The guy really deserves more credit. I don't think hardly anyone outside of historians and firearms hobbyists even knows who he was.
 
I was just reading American Rifleman's article on the M9 that was published a couple months ago. It just said that Congress pressured the Military into adapting a 9mm pistol to conform with NATO. It would seem that the Military saw no reason to drop the M1911 as the standard issue sidearm, but they were forced to switch to a 9mm. Of the 9mms they tested, the Beretta came out on top.
 
And how many soldiers/marines/etc would still take the M1911 over the M9 (and most that get the choice seem to choose right)!
 
Dad and I keep Grandpa's side arm close. Never to be fired by anyone but Him, I, and my since passed grandfather.
 
Dad and I keep Grandpa's side arm close. Never to be fired by anyone but Him, I, and my since passed grandfather.

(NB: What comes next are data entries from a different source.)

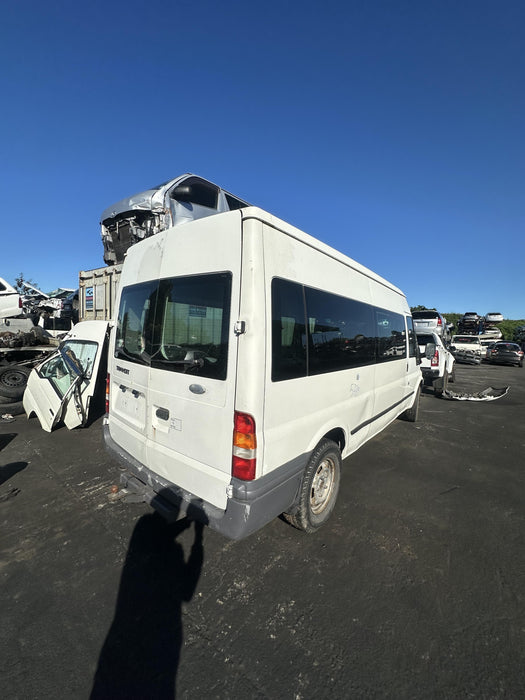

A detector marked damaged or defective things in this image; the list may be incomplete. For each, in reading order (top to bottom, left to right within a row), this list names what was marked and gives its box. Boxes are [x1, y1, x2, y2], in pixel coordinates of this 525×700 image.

wrecked truck cab [102, 174, 252, 264]
crushed vehicle [102, 173, 252, 266]
crushed vehicle [0, 278, 22, 318]
wrecked truck cab [23, 320, 108, 430]
crushed vehicle [23, 322, 108, 432]
crushed vehicle [418, 332, 454, 396]
crushed vehicle [450, 334, 484, 364]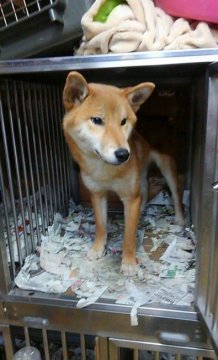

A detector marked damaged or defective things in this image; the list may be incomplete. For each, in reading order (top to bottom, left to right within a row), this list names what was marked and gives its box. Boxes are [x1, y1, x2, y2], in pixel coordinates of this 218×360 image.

torn paper bedding [76, 0, 218, 54]
torn paper bedding [15, 190, 196, 324]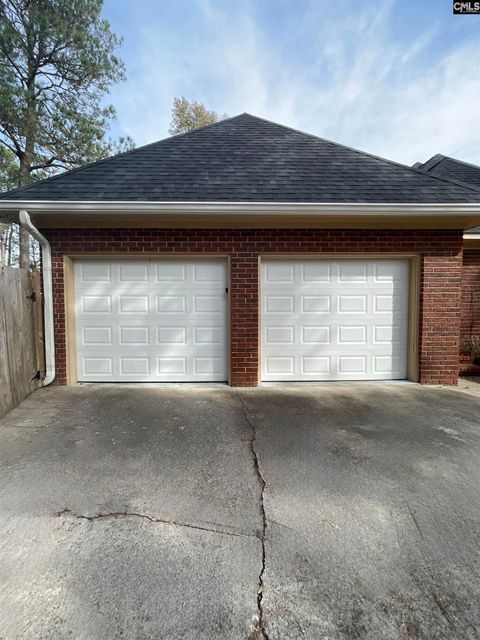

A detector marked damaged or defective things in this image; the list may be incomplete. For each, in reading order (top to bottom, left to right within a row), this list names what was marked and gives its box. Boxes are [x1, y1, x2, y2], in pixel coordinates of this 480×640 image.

driveway crack [54, 508, 255, 536]
driveway crack [236, 390, 270, 640]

I wish I knew of a family member who might have had such an important memento to keep in the family. If anyone in my family had though I expect it would have been sold off very fast and cheap.
 
Ever since my 18th birthday, I've made it a tradition to go out and buy myself a gun for a birthday present to me.. this year I already picked it up, but next year.. I think I know what i'll be saving for and my birthday is in 2 weeks, so its pretty good timing
 
Dealing in death can be sooo inspirational, and we have Mr. John Browning to thank for the 1911 .- . and so many other fine firearms design. All of them deemed wonderful products conceived to kill another man.

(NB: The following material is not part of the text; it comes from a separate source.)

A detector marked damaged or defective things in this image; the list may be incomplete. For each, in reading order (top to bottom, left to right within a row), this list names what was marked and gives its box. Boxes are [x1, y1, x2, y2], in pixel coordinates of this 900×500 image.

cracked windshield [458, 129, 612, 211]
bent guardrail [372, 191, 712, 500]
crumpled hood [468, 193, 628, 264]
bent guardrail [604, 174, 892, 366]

Consider for a second another man named Gatling, another soul with the genius to create machines specifically intended for mankind's destruction. His passion was to put onto the battlefield a weapon so terrible. - . an inanimate machine so mechanically and politically devastating . - . as to be a weapon to end all wars.

However well intended, Mr. Brown and Mr. Gatling, may you forever rest in peace. Thank you.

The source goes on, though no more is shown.